Significantly, the SS-SBE interactions observed at 10 to 15 DAP of endosperm development in Figure 2B were not observed when plastid lysates were preincubated with APase (which causes nonspecific dephosphorylation), suggesting that the SS-SBE interactions observed in wheat endosperm are developmentally regulated and also phosphorylation dependent. Lysates of late-stage endosperm amyloplasts that were not incubated with ATP showed the same coimmunoprecipitation phenomena as those incubated with ATP (data not shown), suggesting that the phosphorylation state of the enzymes is not markedly altered by exogenous ATP (given at 1 mm). Reciprocal experiments demonstrate that both forms of SBEII are co-precipitated by antibodies to SSI and SSII. Figure 2C illustrates the coimmunoprecipitation of SBEIIb in a phosphorylation-dependent manner. Immunoblots of proteins immunoprecipitated with anti-SBEII antisera were also developed with other available wheat-specific antibodies: anti-plastidial starch phosphorylase, anti-plastidial 1,4-α-d-glucan:1,4-α-d-glucan, 4-α-d-glucanotransferase (disproportionating enzyme, d-enzyme), and anti-isoamylase. None showed coimmunoprecipitation with anti-SBEII and anti-SS antibodies at the early tissue developmental stages investigated or as a function of the phosphorylation status of the stromal preparations (data not shown).
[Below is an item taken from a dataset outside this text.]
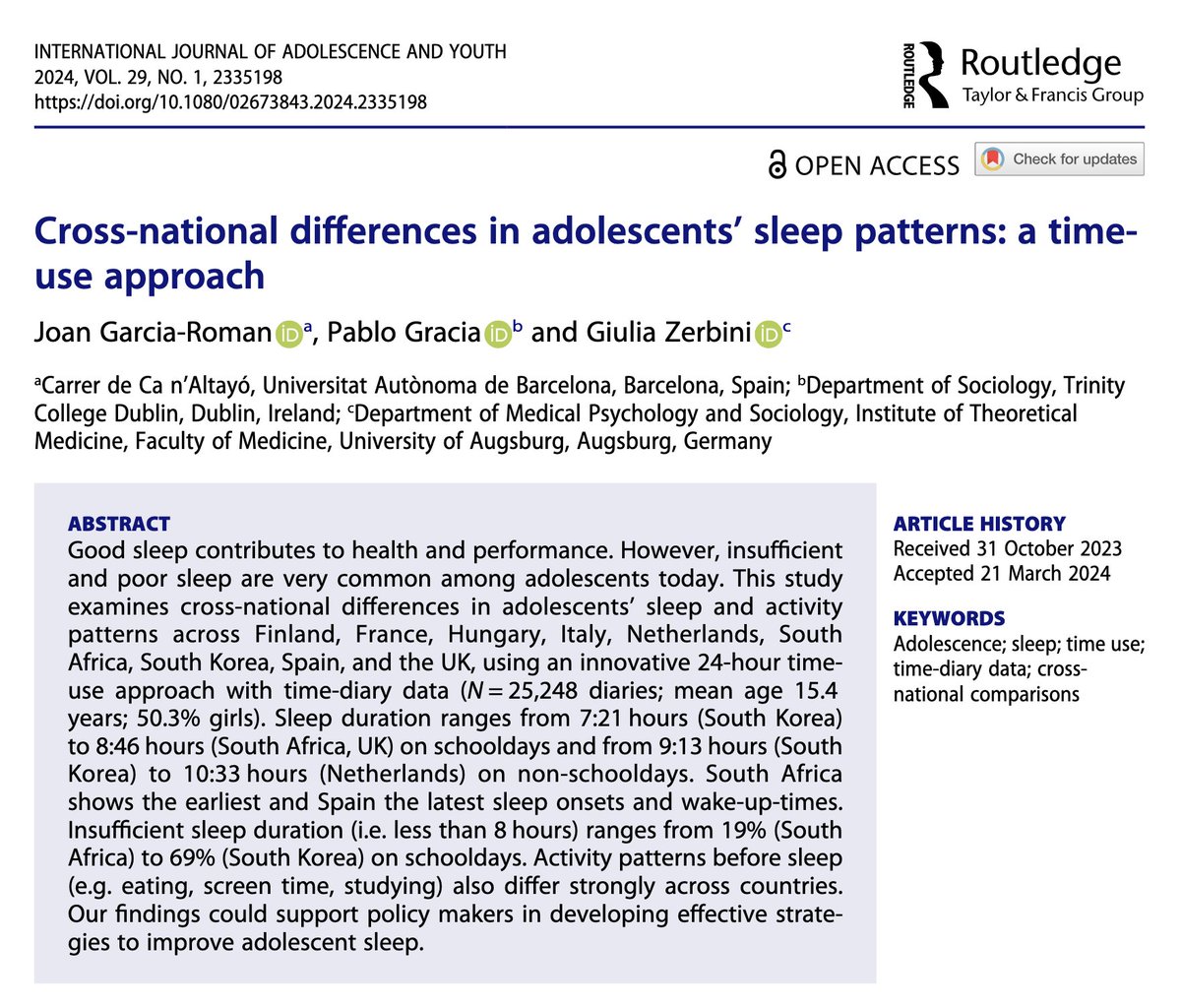 🆕 How do Adolescent Sleep Patterns differ across Countries? Find the answer in our new #openaccess paper at the 'International Journal of Adolescence and Youth'! Work with @J_GarciaRoman & Giulia Zerbini. 🎯 Read the paper here: tandfonline.com/doi/full/10.10…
Identification of Protein Complex Components in Amyloplasts by Chemical Cross Linking

Stromal proteins from amyloplasts isolated from endosperm at 10 to 15 DAP were separated by gel filtration chromatography. Eluted column fractions were then immediately incubated with the homobifunctional cross-linking reagent bis (sulfosuccinimidyl) suberate (BS3), and the proteins were separated by SDS-PAGE, electroblotted and developed with various anti-SBE and anti-SS antisera. Figure 3A shows the electroblotted, cross-linked proteins from column fractions containing the two major peaks of SS and SBE activities, corresponding to the HMW fractions (containing putative protein complexes) and the LMW fractions (containing monomeric forms of SS and SBE; Fig. 1). Cross linking of proteins in the HMW fraction facilitated detection of a product of approximately 260 kD that displays cross-reactivity with anti-SBEII, anti-SSI, and anti-SSII antisera (Fig. 3A). Another cross-linked product of approximately 180 kD was observed in the HMW fraction, which showed cross-reactivity only with anti-SBEIIa or anti-SBEIIb antisera (Fig. 3A). Cross-linking experiments with the LMW fractions demonstrated the presence of only monomeric forms of SBEII (88 kD), SSI (75 kD), and SSII (85 kD), as expected. Similar HMW, cross-linked products were obtained when amyloplast lysates were incubated with BS3 prior to separation of proteins by gel filtration chromatography (data not shown). Figure 3A shows that when proteins separated by gel filtration chromatography are incubated with APase prior to cross linking with BS3 (eluted column fractions were pretreated with APase prior to the addition of BS3), the protein complexes in the HMW fraction dissociate into monomers, and no aggregated SS or SBE products could be detected.

Figure 3.
Cross-linking protein complexes in amyloplasts. A, Amyloplasts isolated from wheat endosperm at 10 to 15 DAP were lysed and stromal proteins (1.2–1.6 mg protein cm−3) separated by gel filtration chromatography. Fractions were immediately ...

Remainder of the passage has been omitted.